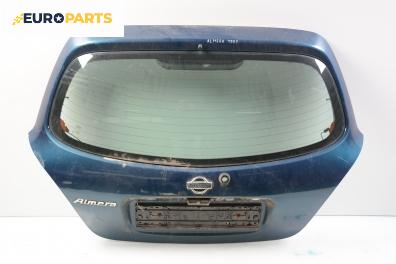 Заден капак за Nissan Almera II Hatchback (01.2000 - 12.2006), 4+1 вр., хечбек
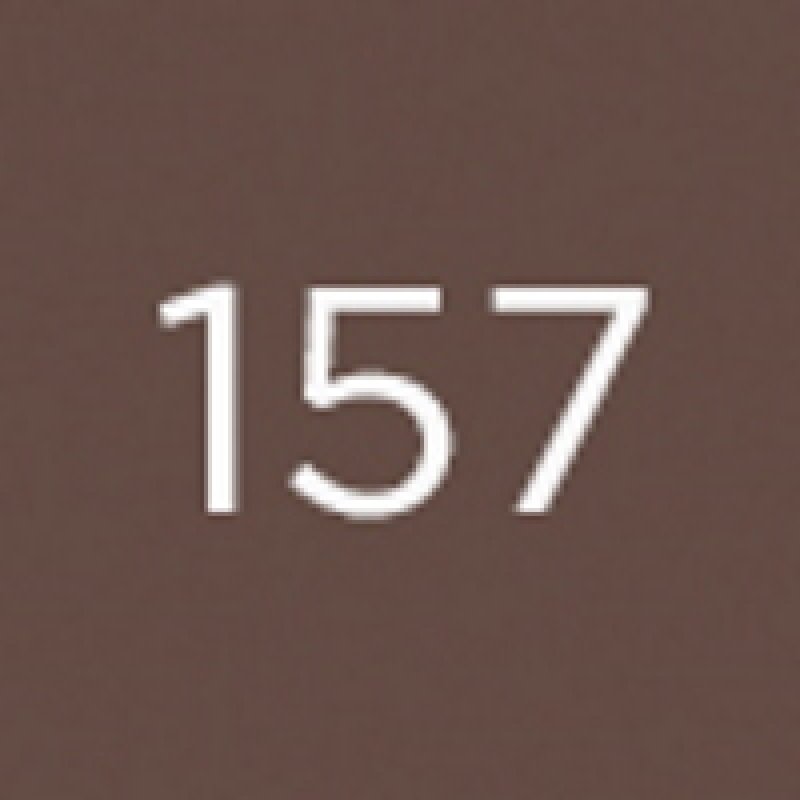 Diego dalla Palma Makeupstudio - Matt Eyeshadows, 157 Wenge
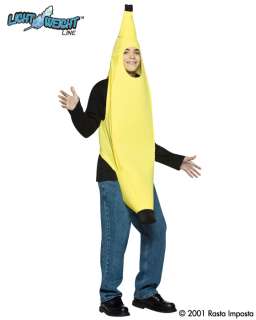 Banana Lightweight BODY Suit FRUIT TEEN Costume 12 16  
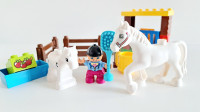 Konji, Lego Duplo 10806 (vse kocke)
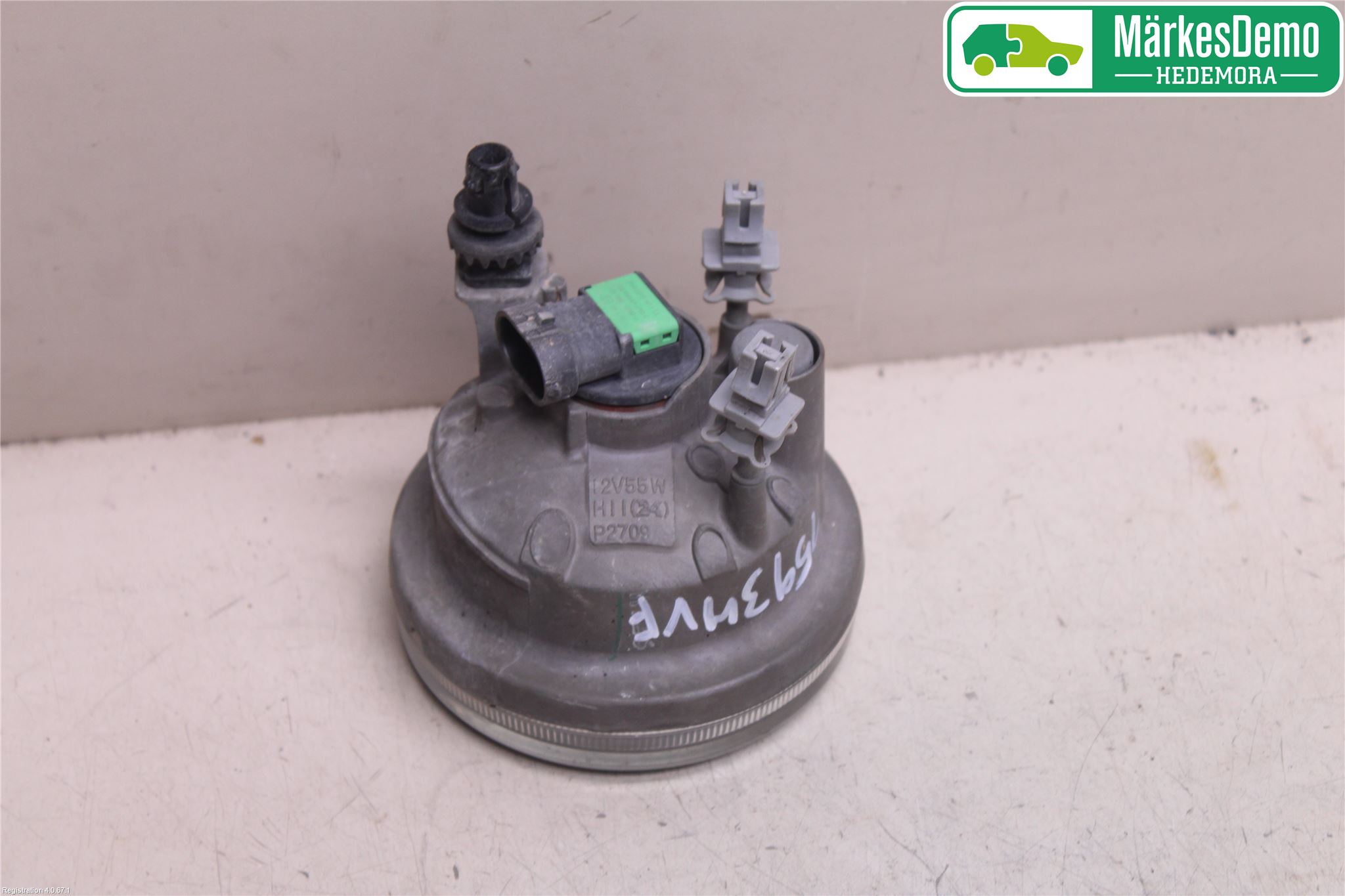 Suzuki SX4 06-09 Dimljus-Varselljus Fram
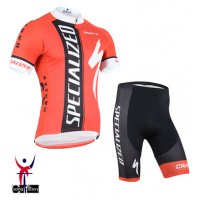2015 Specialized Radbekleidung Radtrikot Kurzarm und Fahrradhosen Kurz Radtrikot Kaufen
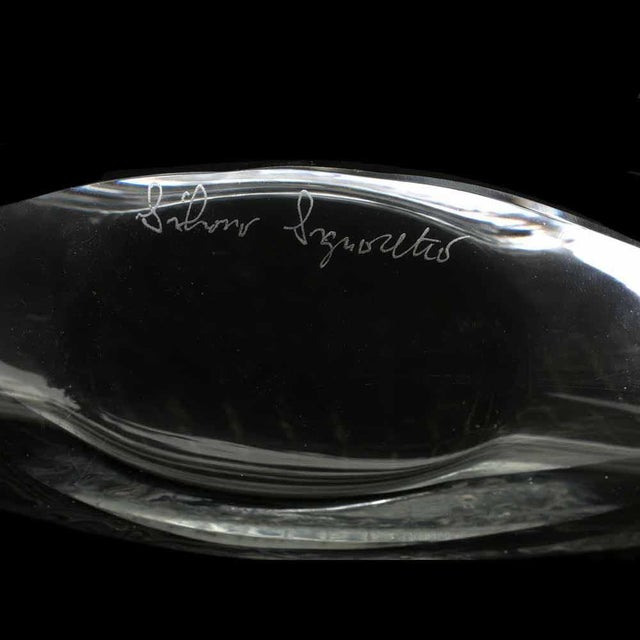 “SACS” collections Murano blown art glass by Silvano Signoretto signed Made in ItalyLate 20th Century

━━━━━━

> _WORK REQUIRED_
Could you reproduce exactly the lines from the first line of the listing through the line containing "2015 Specialized Radbekleidung", both included, with pictures left out?

> _ANSWER TO THE EXERCISE_
 Заден капак за Nissan Almera II Hatchback (01.2000 - 12.2006), 4+1 вр., хечбек
 Diego dalla Palma Makeupstudio - Matt Eyeshadows, 157 Wenge
 Banana Lightweight BODY Suit FRUIT TEEN Costume 12 16  
 Konji, Lego Duplo 10806 (vse kocke)
 Suzuki SX4 06-09 Dimljus-Varselljus Fram
2015 Specialized Radbekleidung Radtrikot Kurzarm und Fahrradhosen Kurz Radtrikot Kaufen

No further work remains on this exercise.